Türk kentlerinde meydanların olmadığını yineleyen bir başka görüş ise, Türk kentlerinde kendi kendini yönetme anlayışının olmamasıdır. Burada batıdaki kentsel meydanların birçoğunun belediye veya hükümet binaları sayesinde oluştuğu vurgulanmaktadır. Fakat bu durum Osmanlı devletinde XIX. Yüzyılın ortalarına gelindiğinde geçerliliğini yitirmiştir. Tanzimat döneminde (1839-1908) gerçekleştirilen kentsel dönüşüm ve reformlar sayesinde oluşturulan hükümet binalarının çevresinde batı şehirlerindeki gibi bir kamusal mekân ve meydan anlayışı Türk şehirlerinde de
görülmeye başlanmıştır. Zaten birçok Avrupa kentinde meydanlar, belediye ya da yönetim binalarının dış mekânıdır.

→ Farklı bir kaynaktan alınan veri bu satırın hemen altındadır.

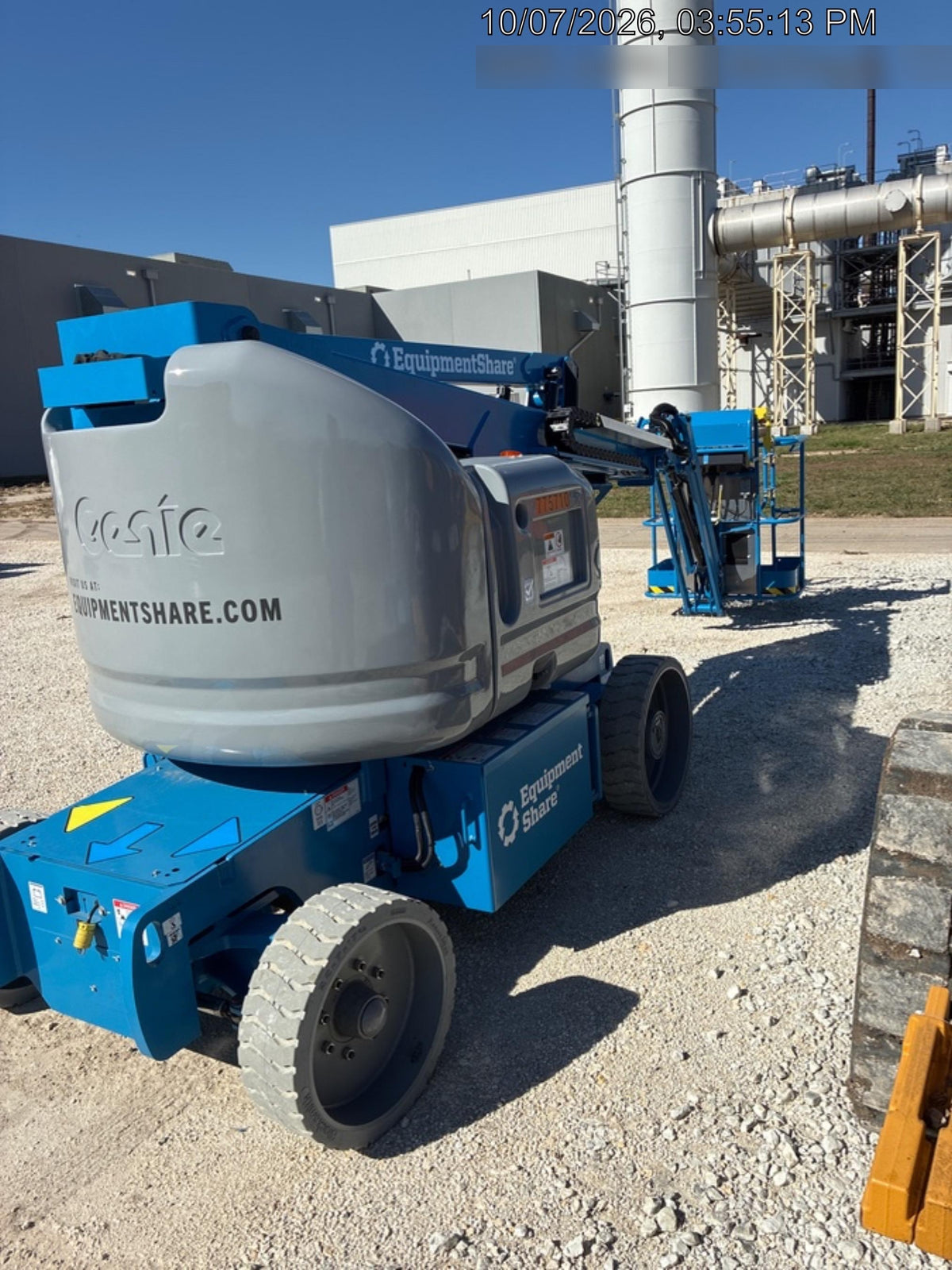2026 GENIE Z40/23N RJ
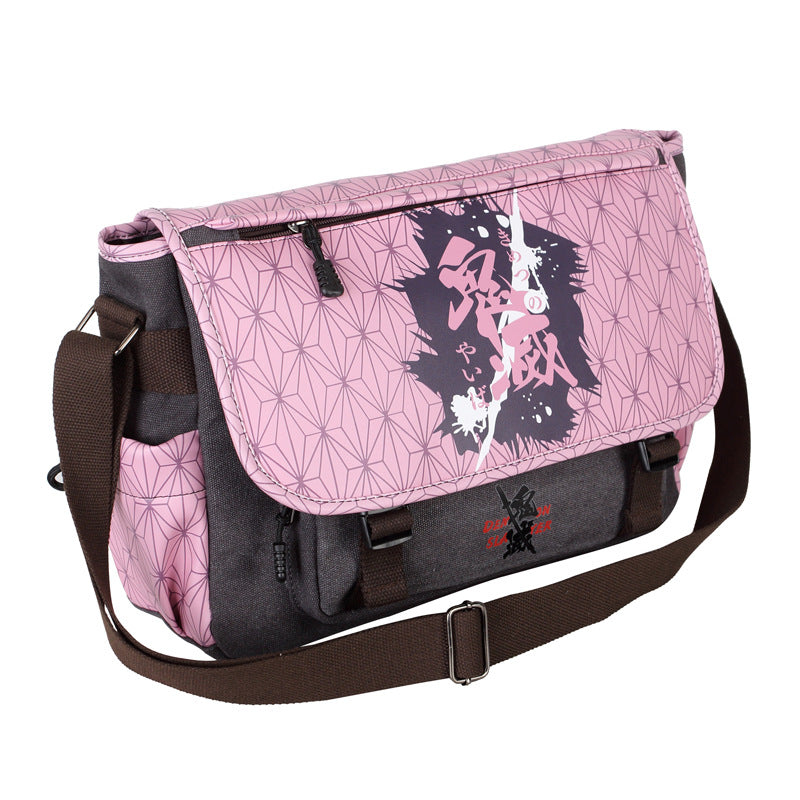 Women's & Men's Charming Comfortable & Canvas Middle School Students' Schoolbags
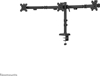 Picture of MONITOR ACC DESK MOUNT 10-27"/TRIPLE DS60-600BL3 NEOMOUNTS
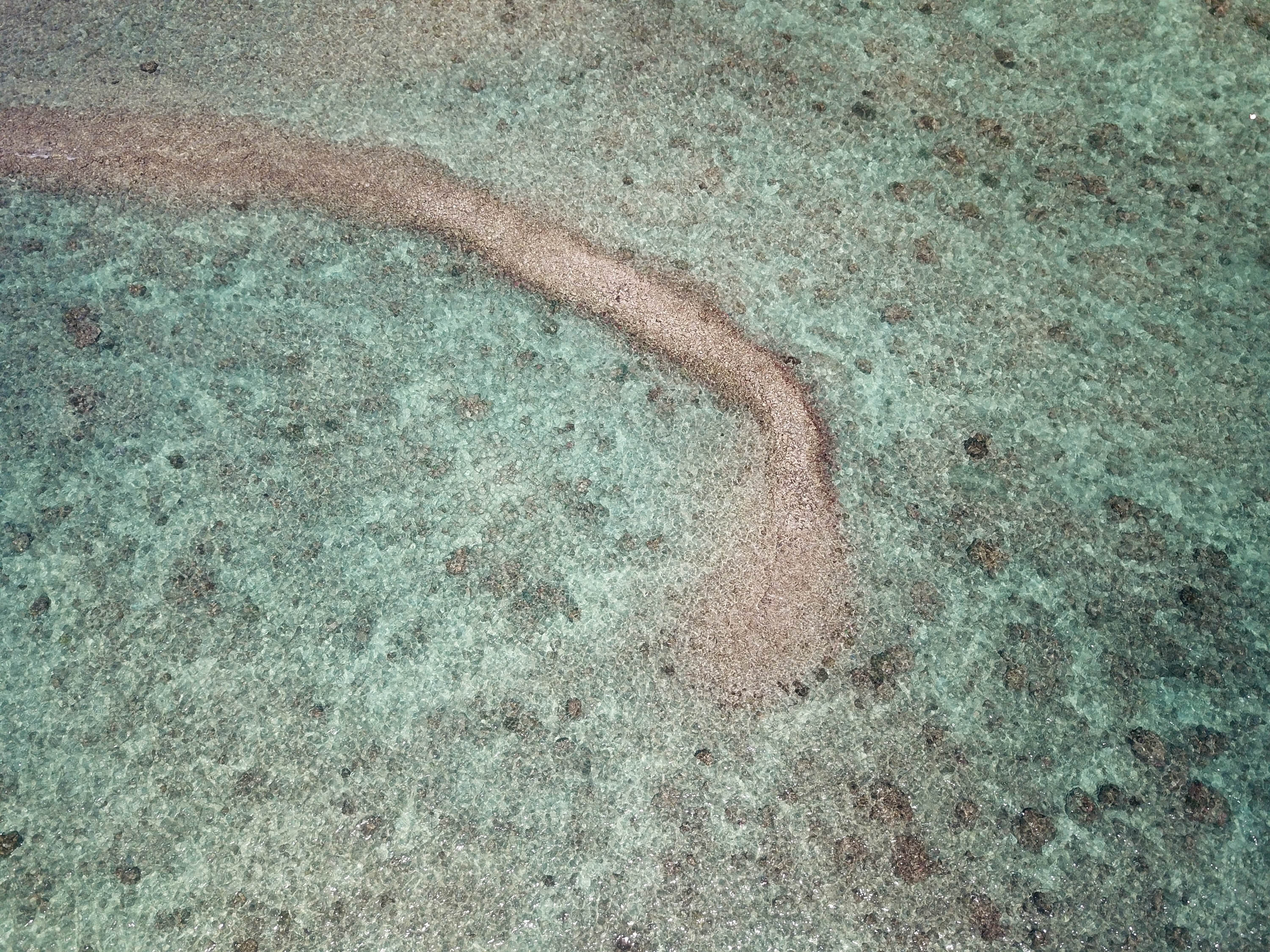 鳥嶼村新滬房的右滬彎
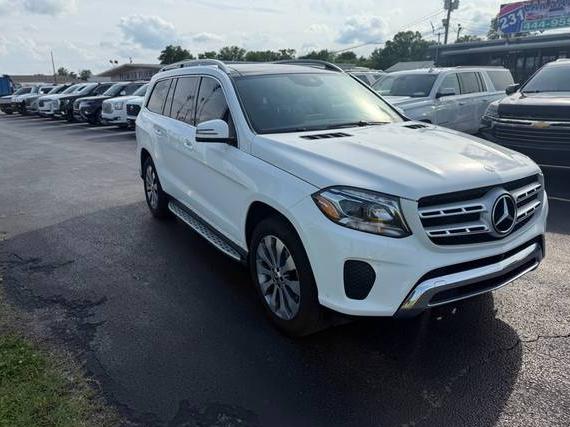 MERCEDES-BENZ GLS-CLASS 2018 4JGDF6EE4JB170600 image MERCEDES-BENZ GLS-CLASS 2018 4JGDF6EE4JB170600 image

Görüldüğü üzere, eski Osmanlı şehirlerinde Avrupa’da geçerli olan meydan kavramının bulunmadığı aşikârdır. Fakat Türk şehirlerini meydanlar konusunda değerlendirirken farklı bir perspektiften bakılması icap eder. Öncelikle Osmanlı şehirlerinde meydanların kendisine özgü bir mimari tarzı olmasa da, bu bir meydan
bulunmadığı anlamıma gelmemelidir. Osmanlı şehirleri Avrupa kentleriyle kıyaslama
yapmadan, kendi içinde değerlendirilirse kamusal mekânlar arasına meydanın da dâhil
olduğunu görürüz.
Osmanlı şehirlerinde yer alan kamusal mekânlar, İslamiyet’e bağlı dinsel ve sosyal anlayışa göre şekillenmiştir. Meydan olarak cami ve külliyelerin iç ve dış avlusu kentsel ortak kullanım için açık mekân olarak kullanılmıştır. Bu tür açık mekânlar simetrik belli bir geometrik şekli yansıtırken, bunun dışında kendiliğinden gelişmiş ya da sokakların biçimlenmesiyle oluşmuş mahalle içindeki küçük meydanlardan bahsedilebilir. Bu meydanlar toplumun dini, kültürel, sosyal, ticari eğitimsel, eğlence ve ulaşım gibi işlevsel gereksinimlerin sonucu şekillenmiş kentsel mekânlardır. Osmanlı Devleti'nde meydanlar, Okmeydanı, At Meydanı, İskele Meydanı, Hükümet Meydanı vb gibi işlevlerine göre isimlendirilmiştir. Avrupa şehirlerindeki meydanlarla işlevsel olarak benzerlikler olsa bile şekil ve biçim açısından oldukça farklıdır.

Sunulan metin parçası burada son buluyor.